Giovanni Succo, Mattia Berrone, Bruno Battiston, Pierluigi Tos, F Goia, Paolo Appendino, Erika Crosetti,

Tópico(s)

Facial Trauma and Fracture Management

Resumo

At present, mandibular reconstruction with a fibular free flap is the gold standard for functional and esthetic rehabilitation after oncological surgery. The purpose of this study was to describe the computer-assisted mandibular reconstruction procedure adopting the customized solution Synthes ProPlan CMF. The study reports five consecutive patients with benign or malignant disease requiring mandibular reconstruction using a microvascular fibular free flap, pre-operative virtual planning, construction of cutting guides and customized laser pre-bent titanium plates. The surgical technique is discussed in a step-by-step fashion. The average post-operative hospital stay was 18 ± 3 days. Ischemia time was recorded in all five cases, with an average of 75 ± 8 min. No problems were encountered in any surgical step and there were no major complications.

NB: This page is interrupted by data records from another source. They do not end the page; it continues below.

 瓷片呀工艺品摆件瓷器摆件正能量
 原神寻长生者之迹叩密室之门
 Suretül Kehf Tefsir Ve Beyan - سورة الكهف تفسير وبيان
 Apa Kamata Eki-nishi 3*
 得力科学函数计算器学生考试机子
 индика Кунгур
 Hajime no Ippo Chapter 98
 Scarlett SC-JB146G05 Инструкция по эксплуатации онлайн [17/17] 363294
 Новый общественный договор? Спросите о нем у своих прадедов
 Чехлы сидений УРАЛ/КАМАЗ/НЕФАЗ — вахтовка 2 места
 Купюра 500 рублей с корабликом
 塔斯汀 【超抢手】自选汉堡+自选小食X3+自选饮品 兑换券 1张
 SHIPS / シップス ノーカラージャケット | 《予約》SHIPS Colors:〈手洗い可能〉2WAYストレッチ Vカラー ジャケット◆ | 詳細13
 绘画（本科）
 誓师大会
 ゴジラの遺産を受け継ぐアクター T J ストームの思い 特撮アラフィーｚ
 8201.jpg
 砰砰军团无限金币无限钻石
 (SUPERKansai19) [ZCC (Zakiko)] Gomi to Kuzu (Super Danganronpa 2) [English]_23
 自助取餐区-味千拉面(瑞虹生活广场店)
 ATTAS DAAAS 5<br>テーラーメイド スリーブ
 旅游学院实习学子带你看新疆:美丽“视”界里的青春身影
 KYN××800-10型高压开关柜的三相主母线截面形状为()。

Excellent precision of cutting guides and a good fit of pre-bent plates were found on both the mandible and fibula. There was excellent precision in bone to bone contact and position between mandible and fibula graft. Measurement data from the pre-operative and post-operative CT scans were compared. The average difference (Δ) between programed segment lengths and CT control segment lengths was 0.098 ± 0.077 cm. Microsurgical mandibular reconstruction using a virtual surgical planning yields significantly shorter ischemia times and allows more precise osteotomies. The technology is becoming increasingly recognized for its ability to optimize surgical outcomes and minimize operating time. Considering that the extent of resection can be wider than predicted, this results in safer modeling of the fibula only after frozen sections have demonstrated the radicality of resection.